• THE PROBLEM
All lines in the records below from the line with "Anti-TSC2 (Phospho-T1462) Antibody" through the line with "Legal Illustrations from" are to be given again exactly, both ends included; the pictures are to be left out.

• RECORD EXTRACTS
──────────
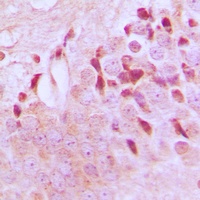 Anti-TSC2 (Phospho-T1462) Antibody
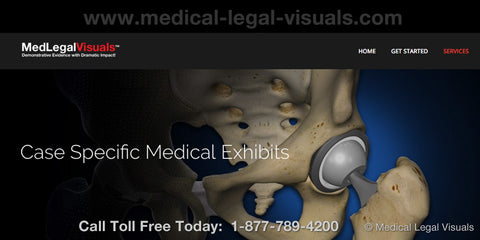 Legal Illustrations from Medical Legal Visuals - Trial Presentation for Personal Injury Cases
──────────
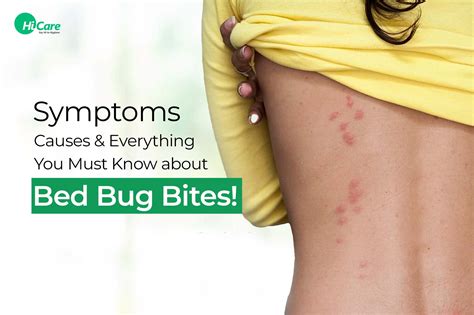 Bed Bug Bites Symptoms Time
──────────
• WRITTEN RESPONSE
 Anti-TSC2 (Phospho-T1462) Antibody
 Legal Illustrations from Medical Legal Visuals - Trial Presentation for Personal Injury Cases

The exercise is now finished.